Abstract:
A bobbin hoist powered by an air cylinder has a skip for holding, lifting, tilting, and dumping bobbins and is provided with skip guiding tracks to give substantially constantly increasing hoisting cable pull during tilting and dumping. A hinged door over the dumping mouth of the skip opens slowly to control dumping. Alternatively, a hinged dumping chute under the dumping mouth of the skip blocks dumping until the chute slowly unfolds downwardly to dumping position; a narrowed mouth on the chute further controls the bobbins for hand feeding therefrom.

Description:
BACKGROUND OF THE INVENTION 
     Textile bobbins are commonly collected from a given process in boxes holding hundreds or thousands of bobbins, these bobbins must be transported to the next process, and then the bobbins must be hoisted and be dumped into a hopperlike receptacle prior to further processing. Hoists with cables to pull up and tilt over a skip or car holding bobbins and guided by rollers on tracks are commonly used, and the cables are usually powered by gearmotors driving cable drums or by hydraulic cylinders operating pulley and cable tackle. U.S. Pat. No. 2,236,310 generally illustrates a commercially available gearmotor-powered hoist. Pages 1, 2, 3, and 4 of the current K-1569X Bobbin Box Hoist parts catalog, published in August 1968 by the Terrell Machine Co., Charlotte, North Carolina, copies attached, illustrate a commercially available hydraulic cylinder-powered hoist of the air-over-oil type (compressed air admitted to a closed tank containing oil forces oil into the hydraulic cylinder). Such prior art arrangements have been unnecessarily complicated and lack control over the bobbins being dumped, while the hoist provided here is much simplified, operates smoothly, and maintains control over the dumping bobbins for safety or rehandling purposes. 

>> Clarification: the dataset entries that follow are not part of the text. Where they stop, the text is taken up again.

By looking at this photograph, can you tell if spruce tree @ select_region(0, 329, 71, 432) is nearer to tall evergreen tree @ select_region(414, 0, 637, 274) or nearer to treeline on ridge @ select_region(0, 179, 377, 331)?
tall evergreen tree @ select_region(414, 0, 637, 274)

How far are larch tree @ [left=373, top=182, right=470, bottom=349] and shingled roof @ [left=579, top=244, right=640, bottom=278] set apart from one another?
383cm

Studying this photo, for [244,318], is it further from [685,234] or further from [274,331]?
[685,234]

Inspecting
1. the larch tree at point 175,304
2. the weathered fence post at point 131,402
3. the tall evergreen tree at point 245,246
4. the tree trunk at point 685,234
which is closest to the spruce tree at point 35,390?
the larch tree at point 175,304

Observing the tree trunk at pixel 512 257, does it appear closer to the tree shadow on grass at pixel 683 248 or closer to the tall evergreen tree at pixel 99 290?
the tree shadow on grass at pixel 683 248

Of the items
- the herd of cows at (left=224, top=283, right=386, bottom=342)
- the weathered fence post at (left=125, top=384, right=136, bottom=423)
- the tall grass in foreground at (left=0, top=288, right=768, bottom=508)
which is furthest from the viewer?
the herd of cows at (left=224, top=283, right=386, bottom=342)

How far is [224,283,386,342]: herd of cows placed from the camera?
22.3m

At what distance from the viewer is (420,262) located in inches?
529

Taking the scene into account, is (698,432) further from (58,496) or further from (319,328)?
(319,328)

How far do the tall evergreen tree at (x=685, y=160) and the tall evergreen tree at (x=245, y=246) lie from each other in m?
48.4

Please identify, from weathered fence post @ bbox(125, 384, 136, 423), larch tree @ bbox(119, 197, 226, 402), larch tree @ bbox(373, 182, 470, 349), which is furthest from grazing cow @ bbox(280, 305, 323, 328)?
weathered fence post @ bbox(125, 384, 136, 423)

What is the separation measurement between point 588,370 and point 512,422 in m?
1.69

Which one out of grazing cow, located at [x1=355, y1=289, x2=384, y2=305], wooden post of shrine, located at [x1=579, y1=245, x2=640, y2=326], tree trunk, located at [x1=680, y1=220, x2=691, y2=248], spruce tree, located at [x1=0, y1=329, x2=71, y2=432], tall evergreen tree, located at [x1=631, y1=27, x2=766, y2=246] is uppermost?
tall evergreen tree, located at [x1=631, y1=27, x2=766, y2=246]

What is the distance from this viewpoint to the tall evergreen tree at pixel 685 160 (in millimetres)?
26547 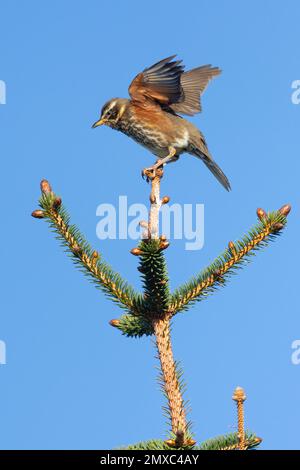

     SUMMARY OF THE INVENTION 
     The bobbin hoist of the present invention comprises improved guiding tracks for the upper and lower rollers of the skip holding the bobbins. The skip is arranged for substantially vertical hoisting to a predetermined height, above which the appropriately curved upper roller tracks cause the skip to gradually tilt approximately 45° with farther hoisting. Still farther hoisting under the control of the again appropriately curved lower roller tracks tilts the skip approximately 75° more, at which position the upper roller tracks are curved in reverse to bring the skip to a smooth halt at approximately the same time that the air cylinder means pulling the hoisting cables comes to the end of its stroke. Hoisting pull required in the cable increases smoothly and substantially constantly during the ascending tilting skip movement, and decreases likewise during the descending tilting movement, so that air cylinder power is practical. 
     A door hinged above and closing the dumping mouth of the skip is linked to the skip by a dashpot which only allows the door to open very slowly from the force of the bobbins trying to dump out into the usual hopper, for quiet operation. Level detector signalling means in the bottom surface of the hopper prevents withdrawal of bobbins below a predetermined level at which the bobbins in the hopper cushion the dumping of additional bobbins for ultimate dumping quietness. 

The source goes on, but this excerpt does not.